During his two-day visit to Sweden, Prime Minister Modi will hold bilateral talks with his Swedish counterpart Ulf Kristersson. The two leaders will review all major aspects of relations between India and Sweden. There will also be discussions between the two countries on trade, green change, artificial intelligence, new technology, startups, strong supply chains, defence, space, climate change and strengthening people-to-people ties.

Will address the European Industry Forum

Prime Minister Modi and the Prime Minister of Sweden will also jointly address the European Round Table for Industry. European Commission President Ursula von der Leyen will also be present in this program. This platform is considered to be the main trading platform of big industrial groups of Europe.

Before leaving for Sweden, Netherlands Prime Minister Rob Jetten himself reached Amsterdam Airport and bid farewell to Prime Minister Modi. During his two-day visit to Netherlands, Prime Minister Modi held bilateral talks with his Dutch counterpart. During this period, 17 agreements were signed between the two countries to increase cooperation in defence, important minerals and other key areas. Both leaders also expressed concern about the situation in West Asia and its impact on global energy supplies and trade networks.

Prime Minister Modi said – relations between India and Netherlands got new momentum

Prime Minister Modi said in a social media post that his visit to Netherlands has given new strength to the relations between the two countries. He said that both the countries have prepared an ambitious roadmap for the future in areas like water resources, semiconductor, innovation, defence, sustainability and mobility, while enhancing the relationship to a strategic partnership. Prime Minister Modi expressed confidence that the friendship between India and Netherlands will become stronger in the coming years. He also thanked Prime Minister Rob Jetton for the warm welcome and farewell at the airport.

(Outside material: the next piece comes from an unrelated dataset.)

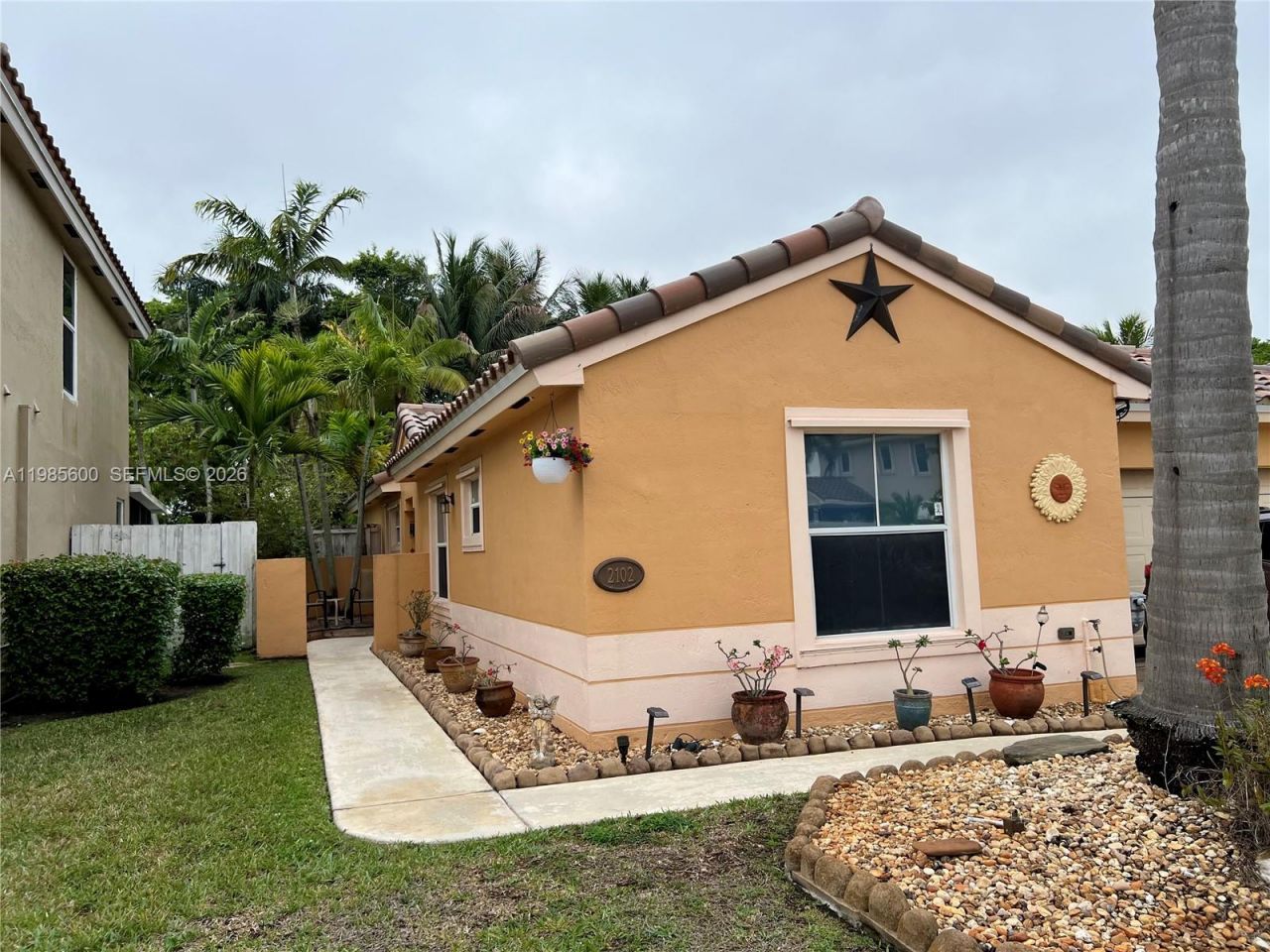 2102 NW 193rd Ave, Pembroke Pines, FL 33029 Photo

Also visited Afsaloutdike Dam

Prime Minister Modi also visited the famous Afslootdike Dam along with his Dutch counterpart. During this, both the countries discussed the possibilities of increasing cooperation in water management and climate-friendly infrastructure. This journey is also considered important for the ambitious Kalpsar project of Gujarat. Under this project, there is a plan to create a huge freshwater reservoir by building a dam about 30 kilometers long on the Gulf of Khambhat.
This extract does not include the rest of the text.